> **Task description**
Pictures must not appear in the copy. Set down exactly the line with "Ethereal Teal and Purple Smoke Abstract" and each line after it through the end of the data below.

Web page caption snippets

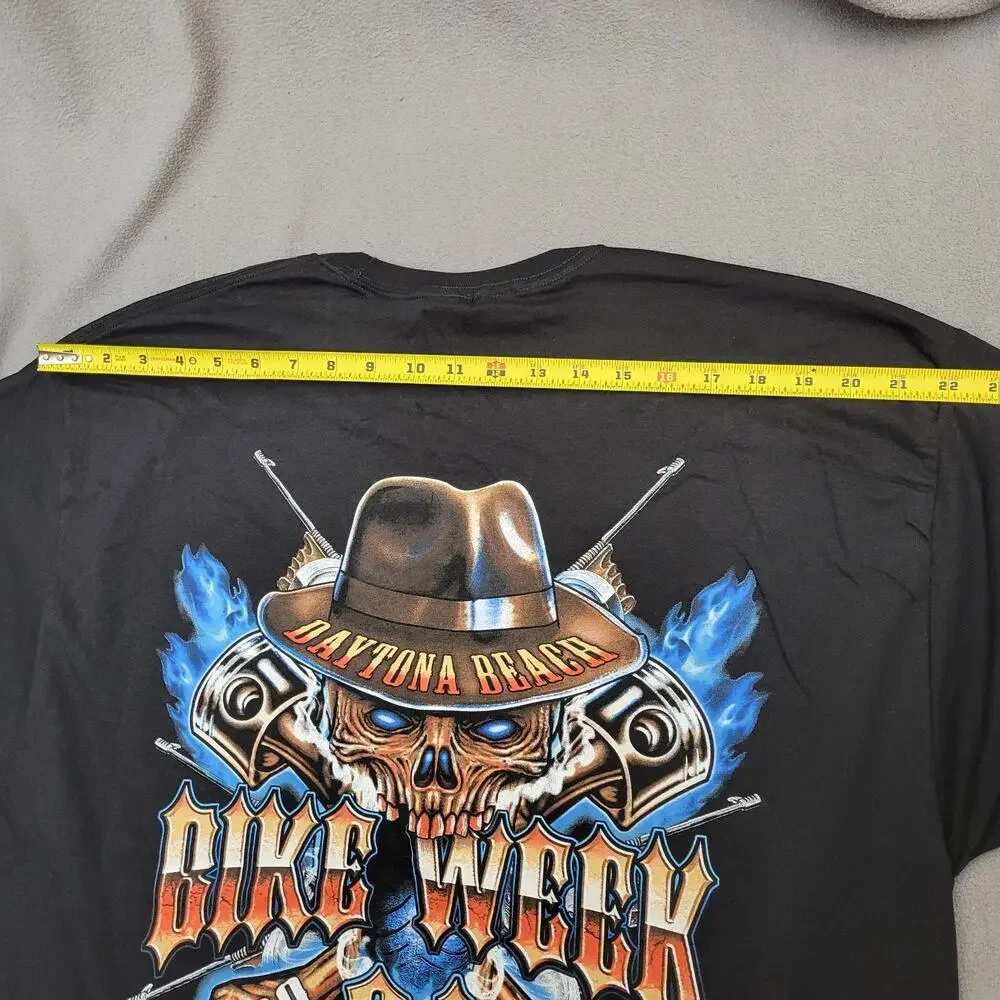 HARLEY DAVIDSON Shirt XL Black Daytona Beach Bike Week 2025 Skull Bones Blue New - Picture 2 of 11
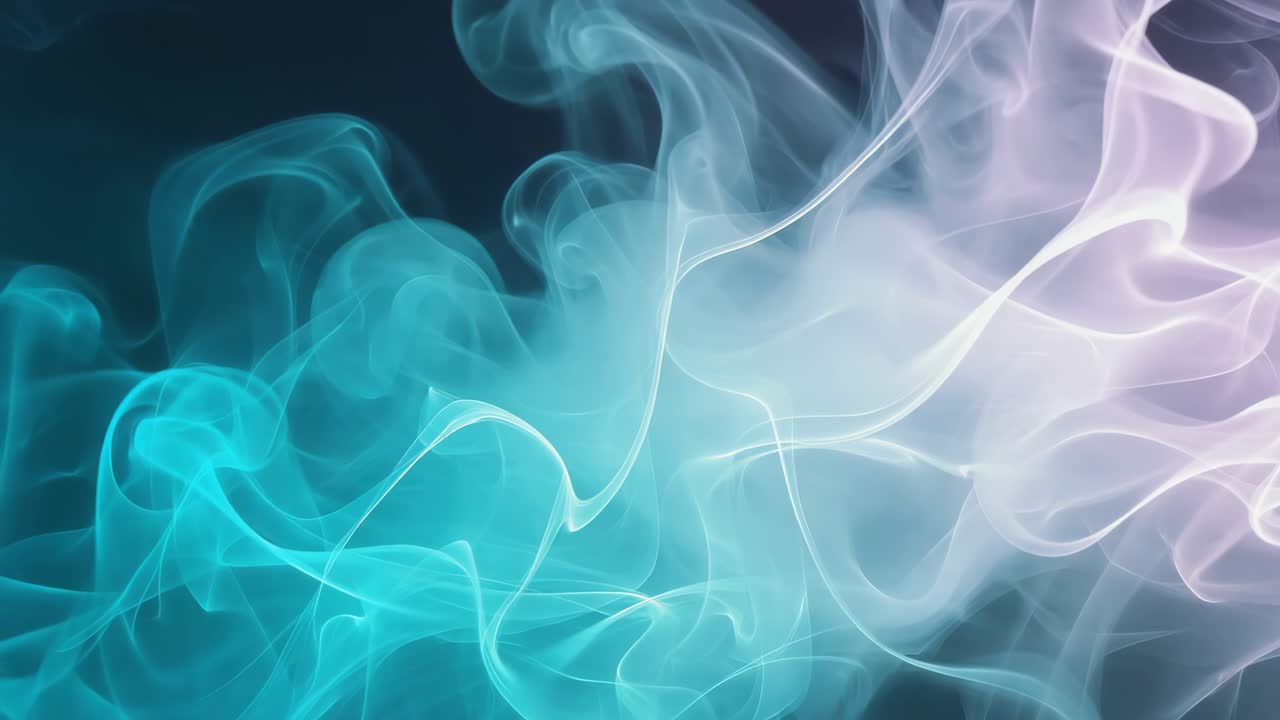 Ethereal Teal and Purple Smoke Abstract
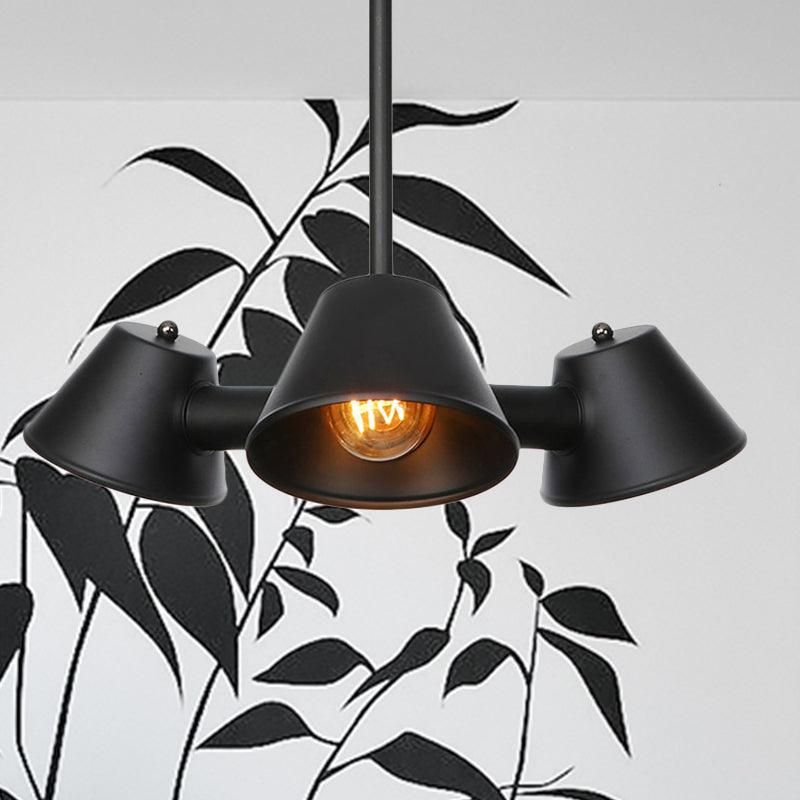 3 Lights Indoor Chandelier Lighting Fixture Industrial Stylish Black Ceiling Lamp - Rebooters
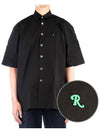 Men's Cotton Short Sleeve Shirt Black - RAF SIMONS - BALAAN.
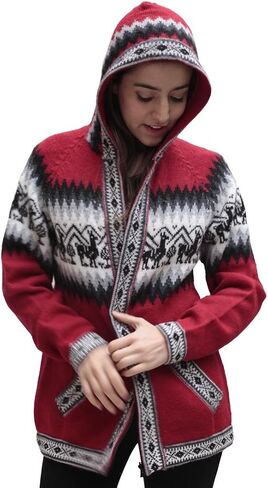Little Llamas Hooded Alpaca Wool Knitted Jacket Hoodie Sweater in Saudi Arabia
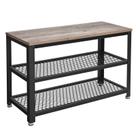 Banco VASAGLE 30x73x45 cm, sapateira de 3 camadas, malha metálica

> **Problem solution**
 Ethereal Teal and Purple Smoke Abstract
 3 Lights Indoor Chandelier Lighting Fixture Industrial Stylish Black Ceiling Lamp - Rebooters
 Men's Cotton Short Sleeve Shirt Black - RAF SIMONS - BALAAN.
Little Llamas Hooded Alpaca Wool Knitted Jacket Hoodie Sweater in Saudi Arabia
 Banco VASAGLE 30x73x45 cm, sapateira de 3 camadas, malha metálica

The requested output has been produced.